=== What to do ===
Here is the task for the records below: repeat exactly the lines from the one with "Storm puppet procession" to the one with "LIZAO FT232RL USB", both included, and nothing else.

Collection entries
____________
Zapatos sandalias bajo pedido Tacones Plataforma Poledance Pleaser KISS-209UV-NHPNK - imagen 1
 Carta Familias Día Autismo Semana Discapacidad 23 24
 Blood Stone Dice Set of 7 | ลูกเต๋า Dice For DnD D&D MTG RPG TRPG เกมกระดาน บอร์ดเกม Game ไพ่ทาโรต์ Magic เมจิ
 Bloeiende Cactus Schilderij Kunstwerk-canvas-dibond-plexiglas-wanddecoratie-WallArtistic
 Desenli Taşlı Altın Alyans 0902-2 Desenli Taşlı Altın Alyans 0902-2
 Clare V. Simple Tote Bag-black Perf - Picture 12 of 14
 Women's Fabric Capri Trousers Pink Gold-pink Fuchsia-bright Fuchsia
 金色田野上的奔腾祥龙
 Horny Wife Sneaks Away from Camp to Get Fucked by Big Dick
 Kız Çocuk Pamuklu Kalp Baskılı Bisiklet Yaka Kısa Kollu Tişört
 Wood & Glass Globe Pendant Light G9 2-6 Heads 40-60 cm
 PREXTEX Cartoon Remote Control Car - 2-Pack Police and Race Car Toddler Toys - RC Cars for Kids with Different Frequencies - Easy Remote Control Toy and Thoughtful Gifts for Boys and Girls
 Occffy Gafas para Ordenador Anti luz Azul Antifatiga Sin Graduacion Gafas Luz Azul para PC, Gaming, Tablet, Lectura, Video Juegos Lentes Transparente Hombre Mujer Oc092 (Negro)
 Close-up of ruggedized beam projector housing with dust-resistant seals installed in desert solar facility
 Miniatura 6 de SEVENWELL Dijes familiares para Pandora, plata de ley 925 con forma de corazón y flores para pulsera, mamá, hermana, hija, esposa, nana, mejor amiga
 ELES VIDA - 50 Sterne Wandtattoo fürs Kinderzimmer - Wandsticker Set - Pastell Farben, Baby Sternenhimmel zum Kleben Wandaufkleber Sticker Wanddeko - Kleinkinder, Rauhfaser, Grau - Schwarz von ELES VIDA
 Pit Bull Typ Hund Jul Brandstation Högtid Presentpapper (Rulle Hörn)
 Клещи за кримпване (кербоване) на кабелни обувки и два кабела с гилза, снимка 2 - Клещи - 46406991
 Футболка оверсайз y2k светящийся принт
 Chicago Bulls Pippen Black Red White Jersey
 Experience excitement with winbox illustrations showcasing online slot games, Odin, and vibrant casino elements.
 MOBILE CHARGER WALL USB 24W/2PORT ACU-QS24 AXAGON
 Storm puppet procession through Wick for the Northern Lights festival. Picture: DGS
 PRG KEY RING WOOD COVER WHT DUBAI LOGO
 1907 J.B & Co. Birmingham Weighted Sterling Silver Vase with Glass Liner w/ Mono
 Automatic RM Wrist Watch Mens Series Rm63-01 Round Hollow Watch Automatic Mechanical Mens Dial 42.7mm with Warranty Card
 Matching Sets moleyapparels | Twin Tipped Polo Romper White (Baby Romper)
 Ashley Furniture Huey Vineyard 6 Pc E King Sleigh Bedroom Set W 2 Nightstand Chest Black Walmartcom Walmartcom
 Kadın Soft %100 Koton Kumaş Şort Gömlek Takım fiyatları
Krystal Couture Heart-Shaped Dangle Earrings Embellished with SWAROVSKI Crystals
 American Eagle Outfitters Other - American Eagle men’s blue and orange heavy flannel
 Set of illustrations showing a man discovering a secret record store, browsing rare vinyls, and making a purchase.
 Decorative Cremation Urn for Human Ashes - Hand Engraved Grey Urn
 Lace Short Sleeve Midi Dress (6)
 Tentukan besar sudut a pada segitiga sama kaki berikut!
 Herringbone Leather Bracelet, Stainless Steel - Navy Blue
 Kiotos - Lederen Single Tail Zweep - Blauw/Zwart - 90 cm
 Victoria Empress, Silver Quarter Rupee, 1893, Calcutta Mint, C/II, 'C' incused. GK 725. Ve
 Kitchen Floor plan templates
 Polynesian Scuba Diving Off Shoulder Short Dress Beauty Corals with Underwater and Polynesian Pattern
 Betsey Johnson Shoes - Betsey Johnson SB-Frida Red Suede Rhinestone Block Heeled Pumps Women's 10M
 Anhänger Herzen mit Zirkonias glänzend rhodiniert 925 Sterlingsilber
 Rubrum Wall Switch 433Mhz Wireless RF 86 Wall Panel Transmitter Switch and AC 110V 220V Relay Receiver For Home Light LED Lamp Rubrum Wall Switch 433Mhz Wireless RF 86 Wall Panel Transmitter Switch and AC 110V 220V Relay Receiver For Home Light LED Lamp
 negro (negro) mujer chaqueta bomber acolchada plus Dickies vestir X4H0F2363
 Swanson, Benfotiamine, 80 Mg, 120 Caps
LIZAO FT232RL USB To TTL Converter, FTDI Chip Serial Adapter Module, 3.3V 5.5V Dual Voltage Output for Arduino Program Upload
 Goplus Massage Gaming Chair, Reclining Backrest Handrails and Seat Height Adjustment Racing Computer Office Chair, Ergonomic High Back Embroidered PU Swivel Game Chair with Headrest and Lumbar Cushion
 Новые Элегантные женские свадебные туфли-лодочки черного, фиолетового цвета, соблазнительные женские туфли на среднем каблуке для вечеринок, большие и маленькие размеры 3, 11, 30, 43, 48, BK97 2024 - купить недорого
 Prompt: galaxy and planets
____________
=== Response ===
 Storm puppet procession through Wick for the Northern Lights festival. Picture: DGS
 PRG KEY RING WOOD COVER WHT DUBAI LOGO
 1907 J.B & Co. Birmingham Weighted Sterling Silver Vase with Glass Liner w/ Mono
 Automatic RM Wrist Watch Mens Series Rm63-01 Round Hollow Watch Automatic Mechanical Mens Dial 42.7mm with Warranty Card
 Matching Sets moleyapparels | Twin Tipped Polo Romper White (Baby Romper)
 Ashley Furniture Huey Vineyard 6 Pc E King Sleigh Bedroom Set W 2 Nightstand Chest Black Walmartcom Walmartcom
 Kadın Soft %100 Koton Kumaş Şort Gömlek Takım fiyatları
Krystal Couture Heart-Shaped Dangle Earrings Embellished with SWAROVSKI Crystals
 American Eagle Outfitters Other - American Eagle men’s blue and orange heavy flannel
 Set of illustrations showing a man discovering a secret record store, browsing rare vinyls, and making a purchase.
 Decorative Cremation Urn for Human Ashes - Hand Engraved Grey Urn
 Lace Short Sleeve Midi Dress (6)
 Tentukan besar sudut a pada segitiga sama kaki berikut!
 Herringbone Leather Bracelet, Stainless Steel - Navy Blue
 Kiotos - Lederen Single Tail Zweep - Blauw/Zwart - 90 cm
 Victoria Empress, Silver Quarter Rupee, 1893, Calcutta Mint, C/II, 'C' incused. GK 725. Ve
 Kitchen Floor plan templates
 Polynesian Scuba Diving Off Shoulder Short Dress Beauty Corals with Underwater and Polynesian Pattern
 Betsey Johnson Shoes - Betsey Johnson SB-Frida Red Suede Rhinestone Block Heeled Pumps Women's 10M
 Anhänger Herzen mit Zirkonias glänzend rhodiniert 925 Sterlingsilber
 Rubrum Wall Switch 433Mhz Wireless RF 86 Wall Panel Transmitter Switch and AC 110V 220V Relay Receiver For Home Light LED Lamp Rubrum Wall Switch 433Mhz Wireless RF 86 Wall Panel Transmitter Switch and AC 110V 220V Relay Receiver For Home Light LED Lamp
 negro (negro) mujer chaqueta bomber acolchada plus Dickies vestir X4H0F2363
 Swanson, Benfotiamine, 80 Mg, 120 Caps
LIZAO FT232RL USB To TTL Converter, FTDI Chip Serial Adapter Module, 3.3V 5.5V Dual Voltage Output for Arduino Program Upload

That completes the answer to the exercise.